The 'BB' rating is supported by Georgia's high level of economic development relative to 'BB' peers, a credible macro-fiscal policy framework, moderate public debt, and sound banking sector. These are balanced by relatively high financial dollarisation, high exposure of public debt to foreign-currency risks, and weaker external finances than peers, including moderate international reserves, and relatively high net external debt. The Negative Outlook reflects heightened political risk and possible external liquidity pressures.

International reserves were USD4.52 billion (equivalent to 2.3 months of current account payments) in April 2025, recovering from a 13% month-on-month drop in October 2024, when the National Bank of Georgia (NBG) sold reserves to support the currency.

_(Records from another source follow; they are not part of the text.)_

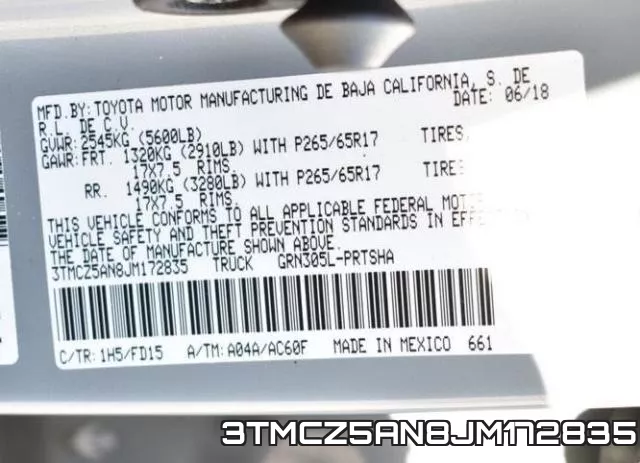 3TMCZ5AN8JM172835 фото 2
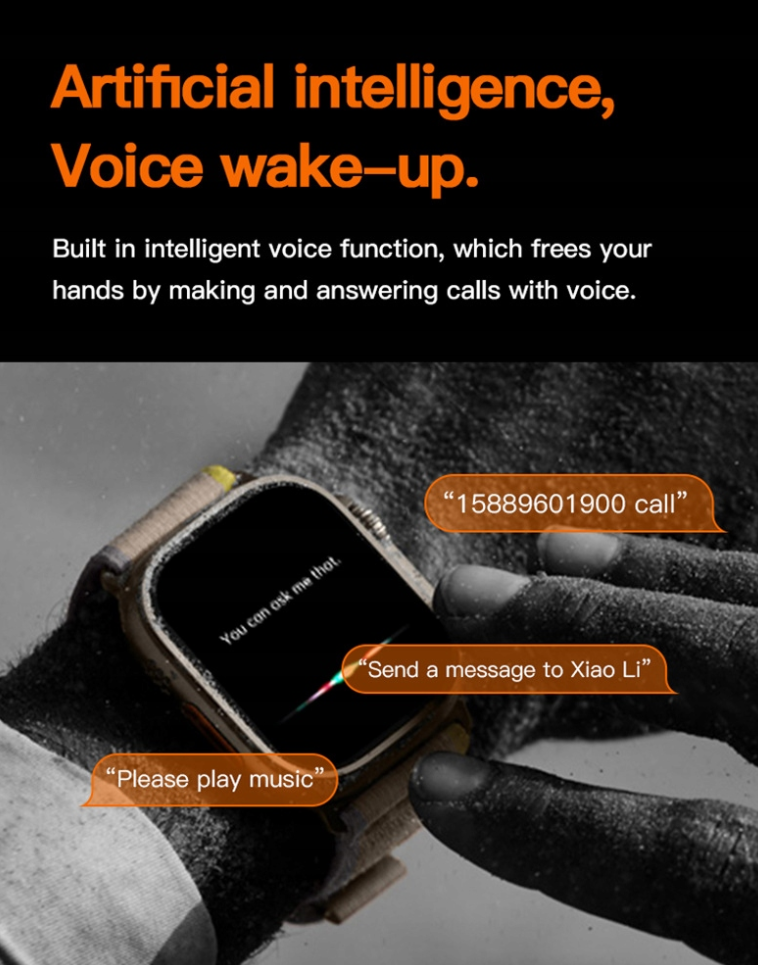 S9 Ultra Smart Hodinky Unisex Bluetooth - 49MM
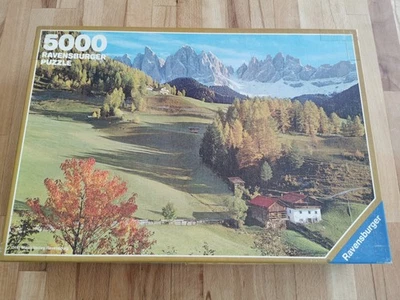 Fertig gepuzzelt u. in Lagen 174027 Dolomiten von 1977 Ravensburger 5000 Teile - Bild 1 von 4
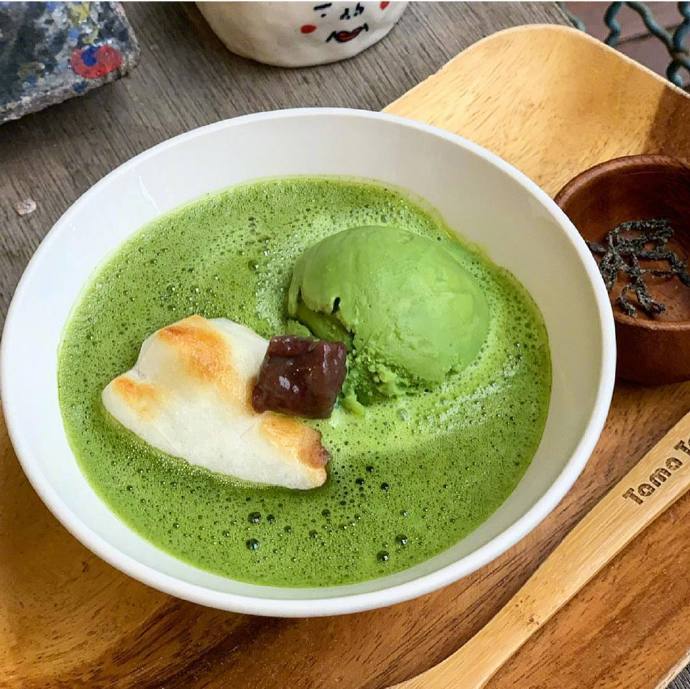 抹茶控的最爱抹茶甜点美食图片 3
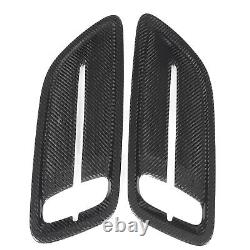 (Gloss Black Carbon Fiber)Air Flow Intake Hood Cover Engine Hood Vent Cover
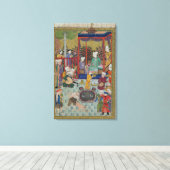 王子のような披露宴 キャンバスプリント (インサイチュ (ウッドフロア))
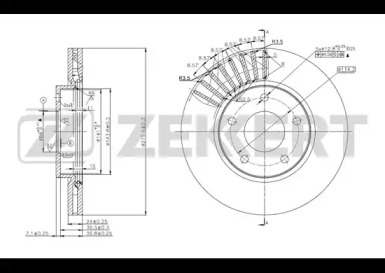 Купить ZEKKERT BS5589 ДИСК ТОPМ ПЕР (B17 C13 F15E)_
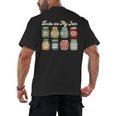 Books Are My Jam Shirt Book Lover Reader Reading Teacher Men's Back Print T-Shirt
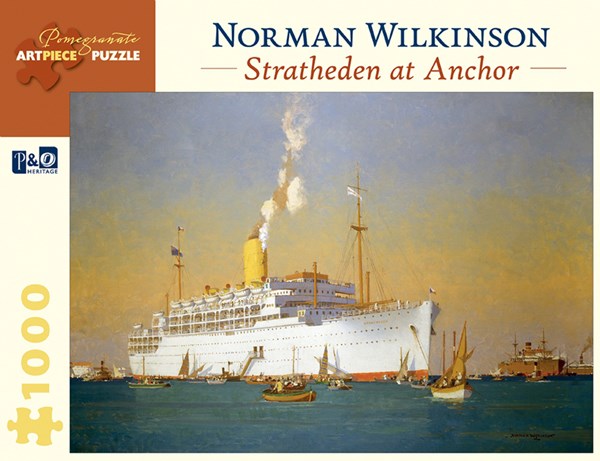 Pomegranate (AA842) - Norman Wilkinson: "Stratheden At Anchor" - 1000 pezzi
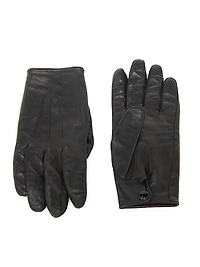 Leather Silk-Lined Gloves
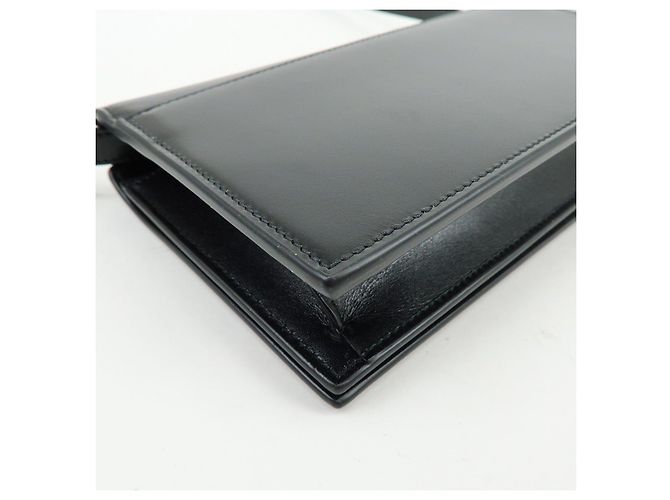 Autre Marque SAINT LAURENT PARIS Bolsa de ombro com aba em couro de bezerro Black 769162 - vista 12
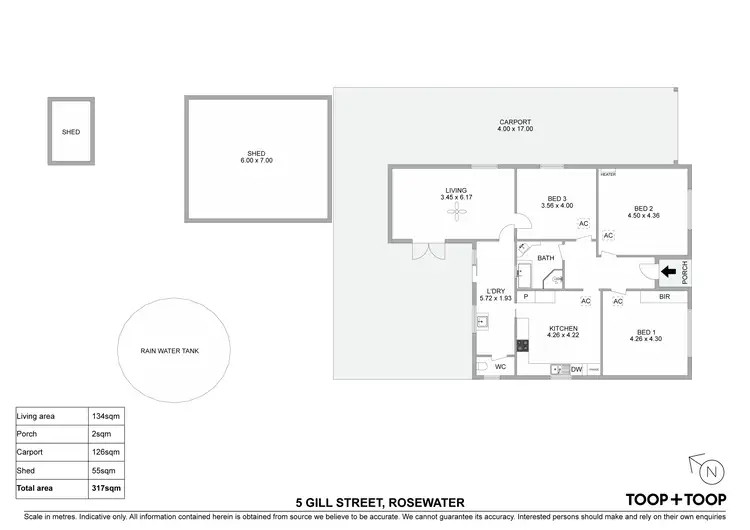 Floorplan of Homely house listing, 5 Gill Street, Rosewater SA 5013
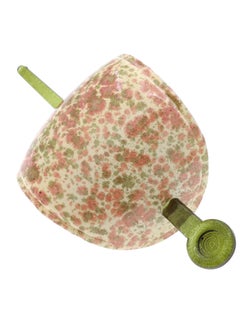 CAMILA Camila Paris CP3343 French Hair Bun Holder Cover Cap Hair Updo, Pink and Green, Hair Pin Thru, Strong Hold Grip Hair Clips for Women, No Slip and Durable Styling Girls Hair Accessories, Made in France 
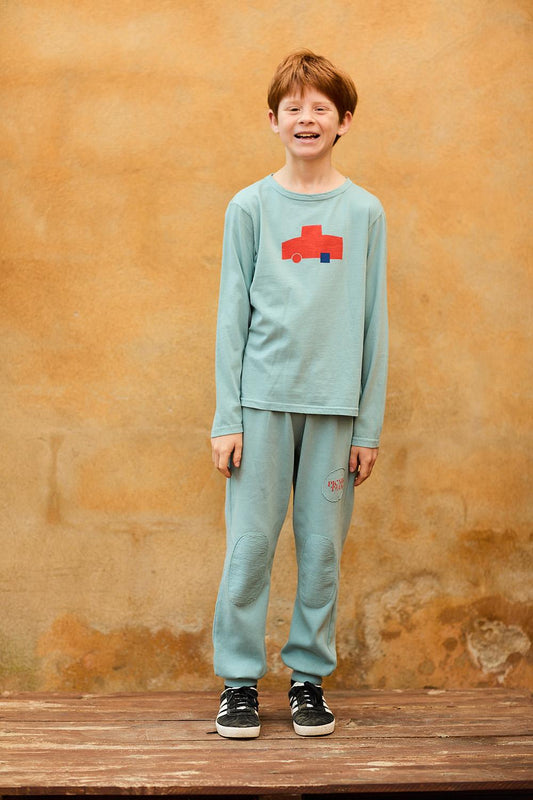 camiseta manga larga-azul-niño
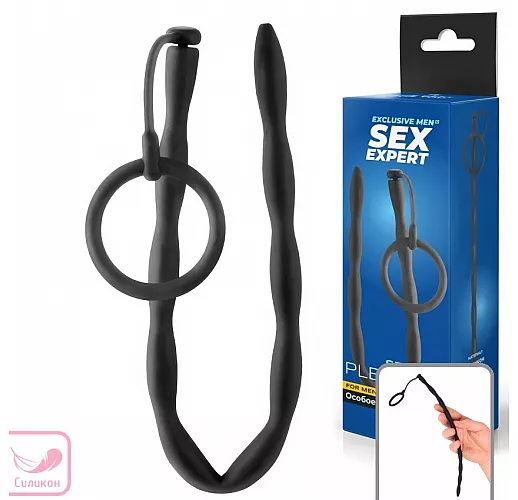 Очень длинный уретральный стимулятор "Sex Expert" из гипоаллергенного силикона - 30 см., ⌀ 1 см.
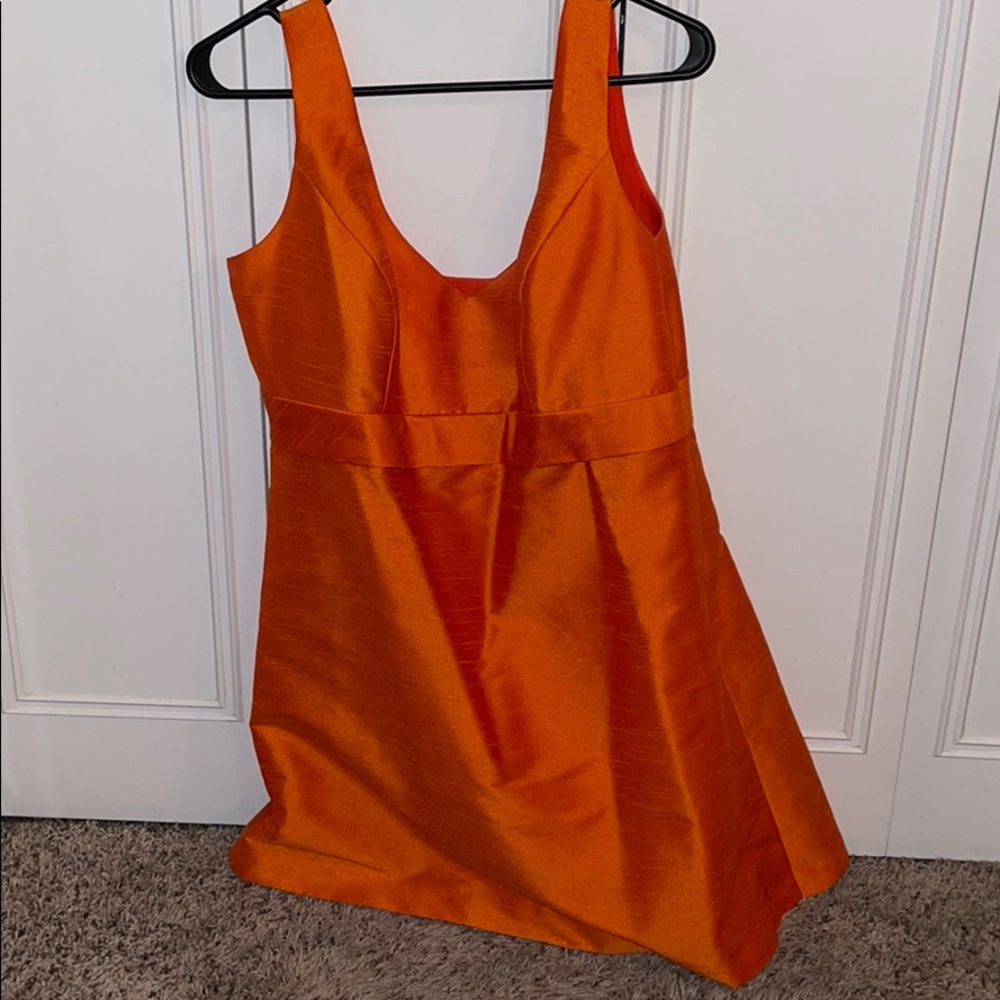 Orange tank formal dress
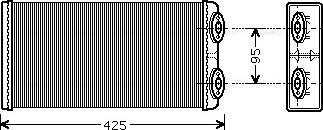 AVA MNA6029 - Heat Exchanger, interior heating car-mod.net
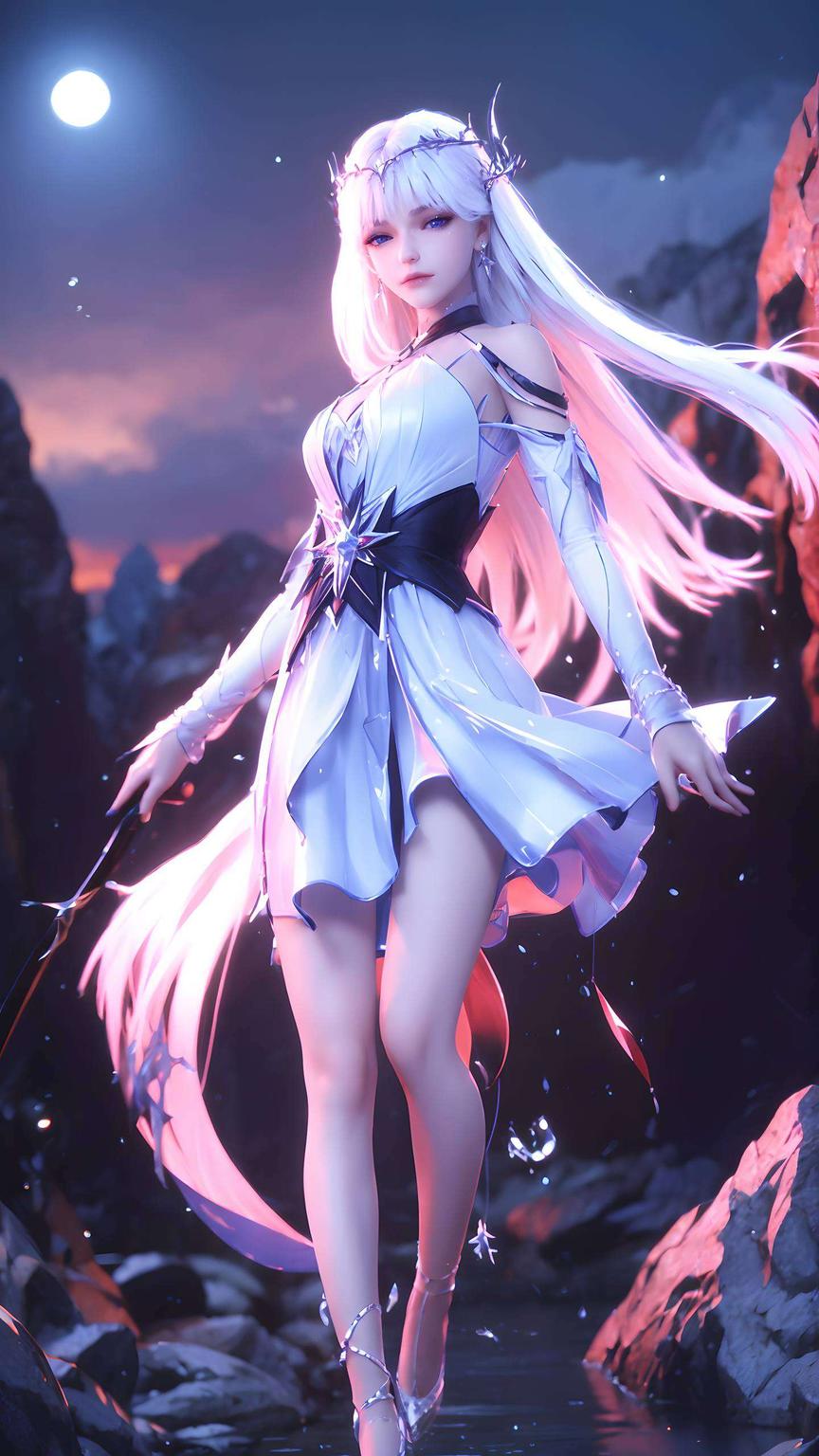 圣采儿壁纸超清4k横版如梦如幻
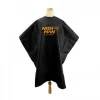 Peleryna fryzjerska Nishman Barber Cape Black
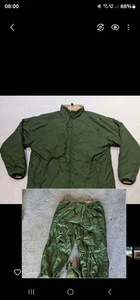 Thermal Mens army issue Jacket Reversible Olive/sand and trousers L Softie - Picture 1 of 5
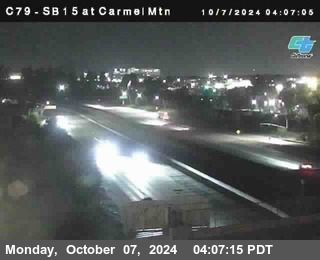 NB 15 at Carmel Mountain Rd.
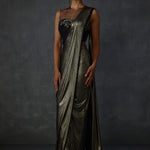 Lattice Corset Foil Saree Namrata Joshipura Online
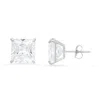 Kylie Harper 10k White Gold 8mm Princess-cut Cubic Zirconia Cz Stud Earrings In White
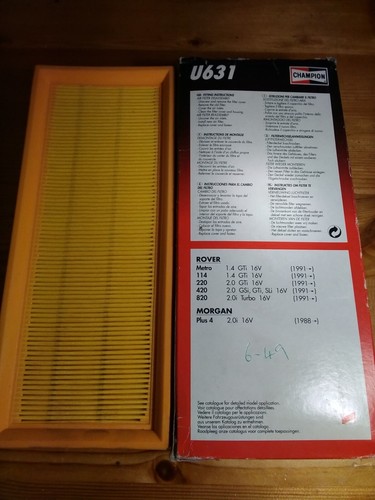 Air filter rover metro - filter,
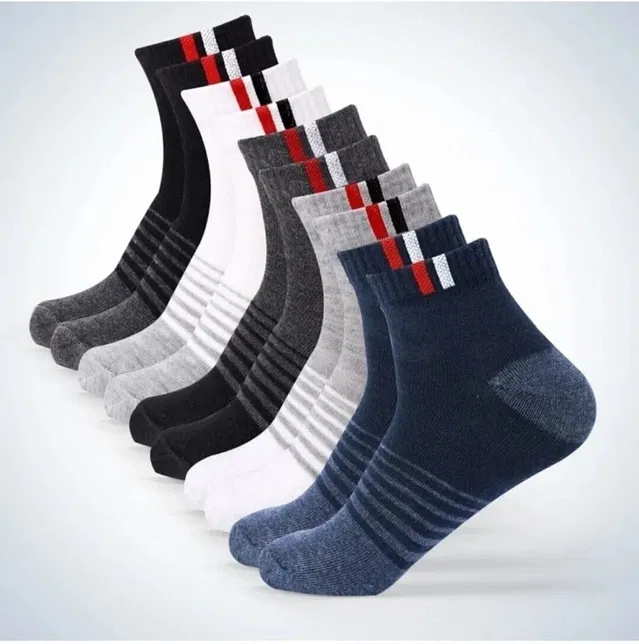 Polycotton Socks for Men (Multicolor, Set of 5)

However, they are still 17% below the August 2023 peak, while net international reserves are 33% below September 2024 levels.

Immediate liquidity risks are low, but the reserve position is vulnerable to a sharp drop in market sentiment, triggered for example by a sharp increase in political risks in Georgia, resulting in higher dollarisation or capital flight. Fitch expects the NBG to continue FX purchases, notwithstanding its commitment to a floating exchange rate, which could ease pressure on reserves. Fitch forecasts reserves to average 2.2 months of current account payments in 2025-26.

Georgia's large current account deficit relative to peers is a consistent credit weakness, and is set to continue, with Fitch projecting it will average 4.6% of GDP in 2025-26 (2024: 4.4%; current 'BB' median: 2.5%), primarily driven by a large goods deficit. The tourism sector, with average annual growth of 12% in 2023-24, will support a solid services surplus. Georgia's net external debt, at 43% of GDP as of 2024, is nearly 3x the 'BB' median. However, risks are mitigated by high inter-company lending in the debt stock.

Foreign direct investment (FDI) inflows (in US dollar terms) fell by 34.5% yoy to 4% of GDP in 2024, likely reflecting investor concerns about heightened political risks following the passage of a controversial Transparency of Foreign Influence Law, and disputed elections. Fitch forecasts net FDI to recover in 2025-26 to an average of 3.8% of GDP (albeit still insufficient to cover the current account deficit).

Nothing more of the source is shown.